Dataset records
____________________

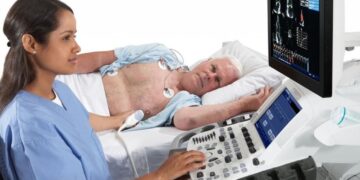 أشعة ايكو على القلب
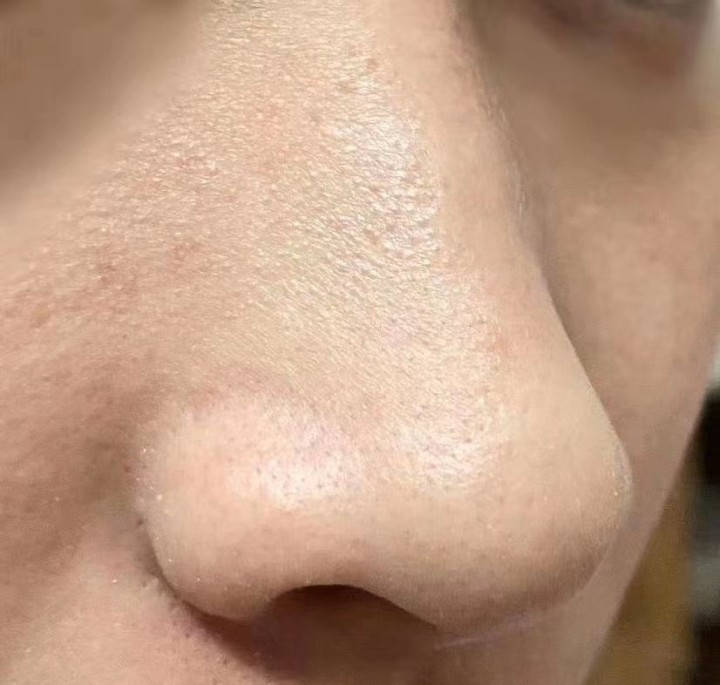 毛孔粗大满脸痘痘黑头又不会护肤护肤小白看过来超级简单的男士护肤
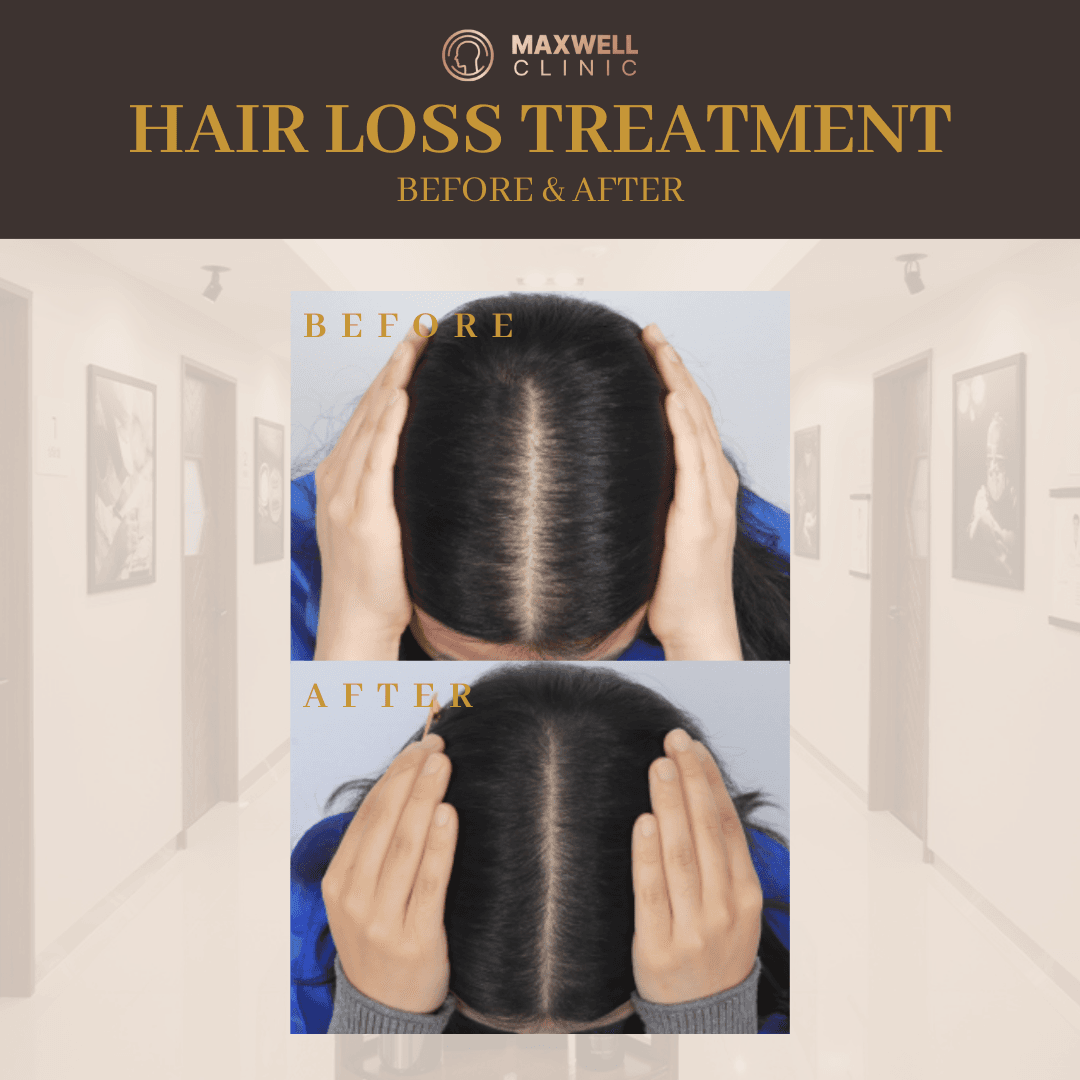 seasonal hair shedding korea
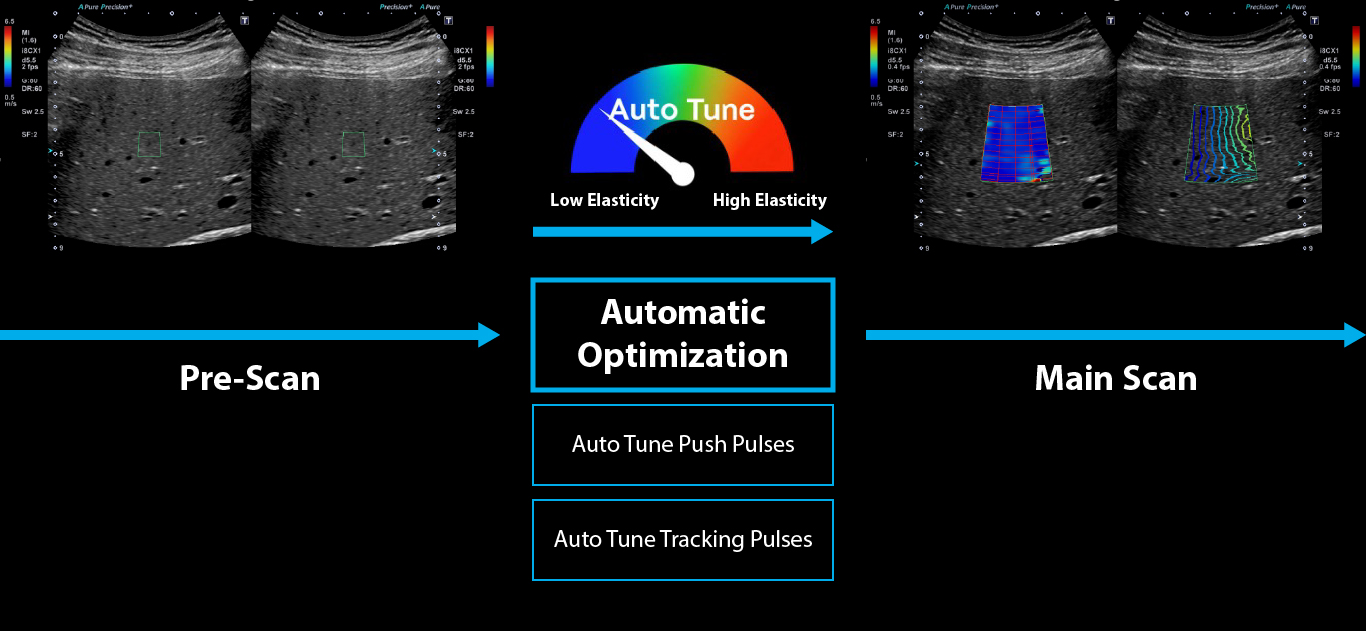 Auto Tune Shear Wave Diagram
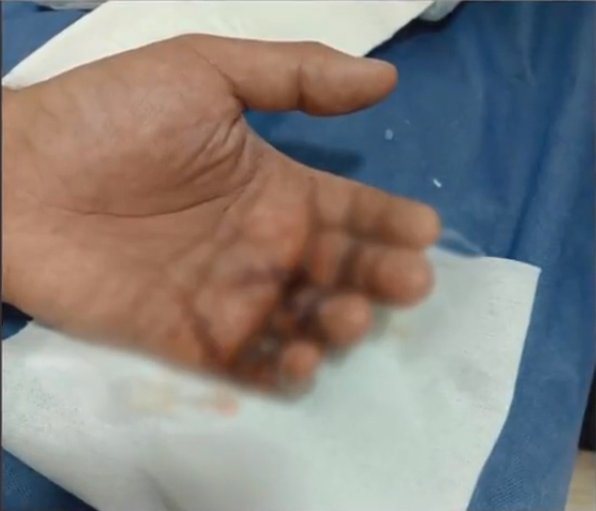 Hombre resultó herido por un atraco en Fontibón 1 Hombre resultó herido por un atraco en Fontibón La delincuencia en Bogotá no da tregua, pues recientemente se conoció el caso de un hombre de 33 años, que fue herido con cuchillo por tres bandidos que lo atracaron cuando salía de su trabajo en Fontibón.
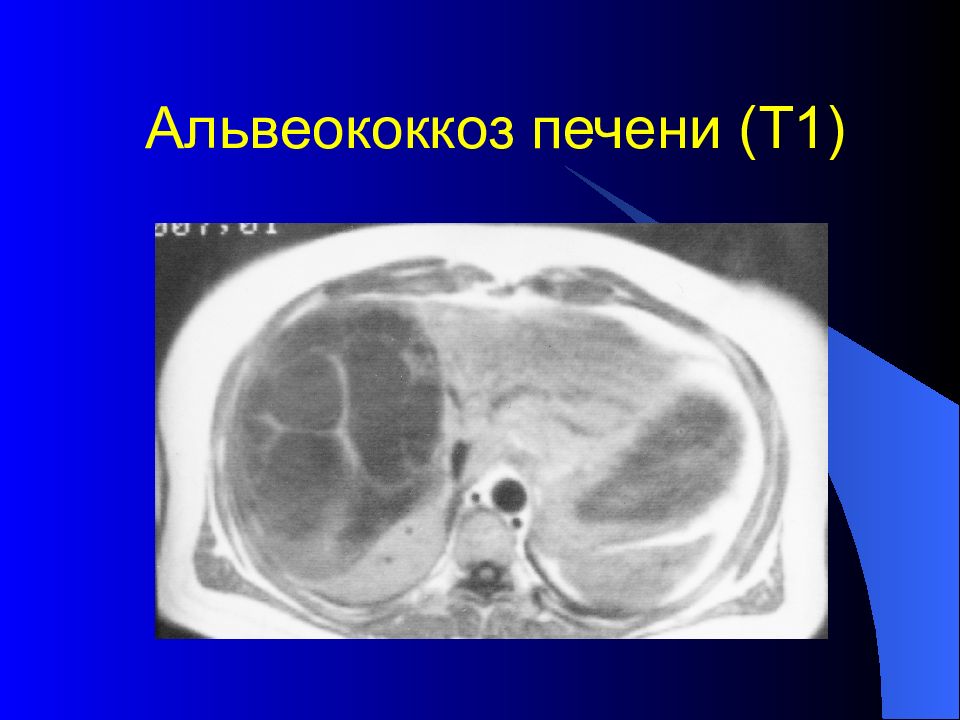 Поражение печени альвеококком схема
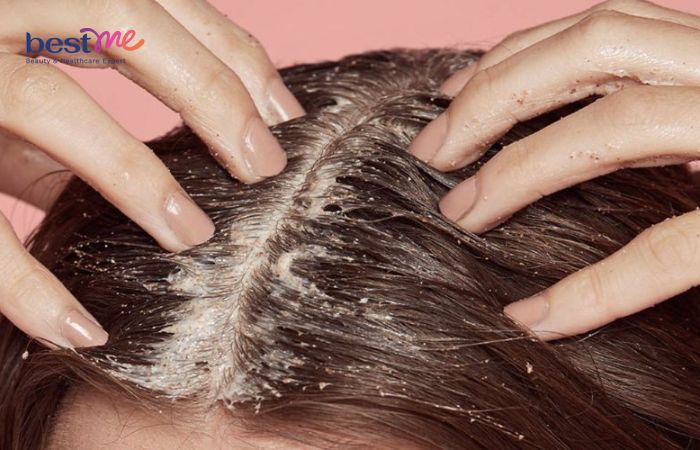 Để có một mái tóc khỏe đẹp và nhanh dài hơn, tẩy tế bào chết da đầu là một bước chăm sóc quan trọng mà bạn không nên bỏ qua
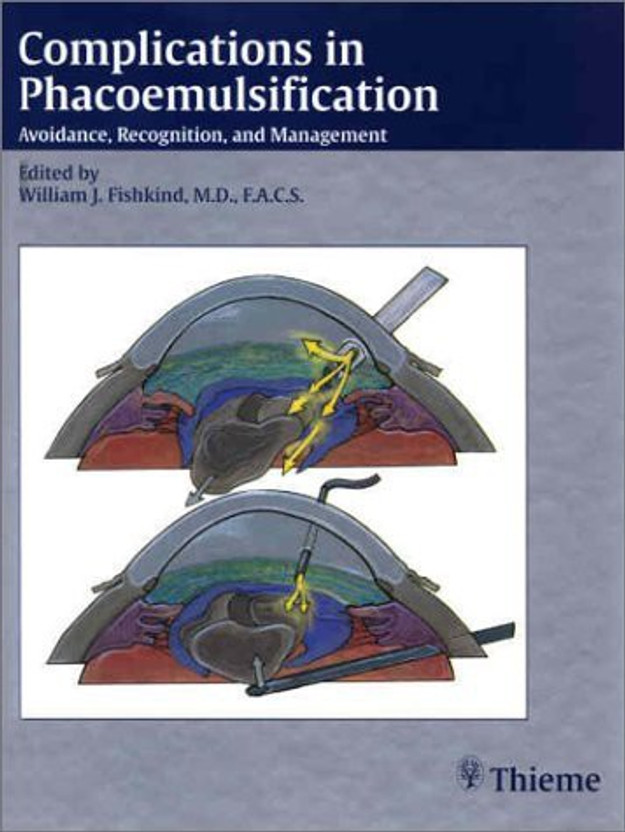 Complications in phacoemulsification : avoidance, recognition, and management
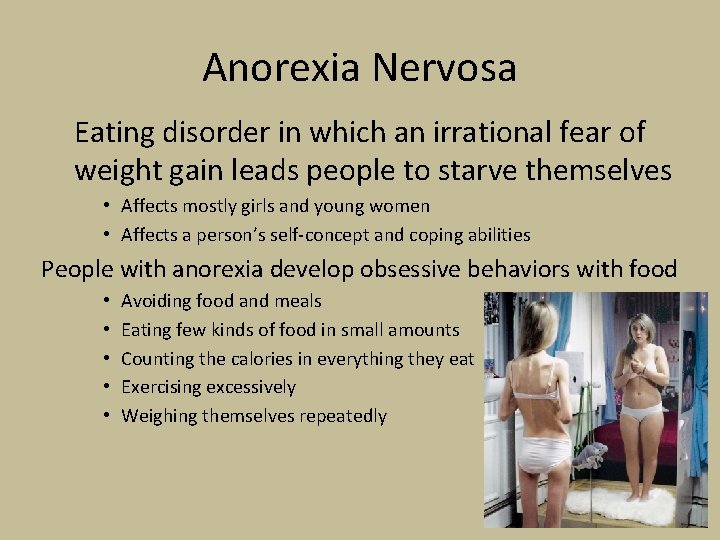 Anorexia Nervosa Eating disorder in which an irrational fear of weight gain leads people
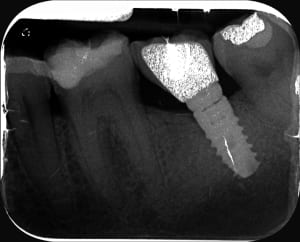 Bmnomqk1z9r8csniup7du5foyqfp - Eugenol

____________________

Reproduce the lines above starting at the one with "seasonal hair shedding korea" and ending at the one with "Поражение печени альвеококком схема", both included, exactly and with no pictures.

 seasonal hair shedding korea
 Auto Tune Shear Wave Diagram
 Hombre resultó herido por un atraco en Fontibón 1 Hombre resultó herido por un atraco en Fontibón La delincuencia en Bogotá no da tregua, pues recientemente se conoció el caso de un hombre de 33 años, que fue herido con cuchillo por tres bandidos que lo atracaron cuando salía de su trabajo en Fontibón.
 Поражение печени альвеококком схема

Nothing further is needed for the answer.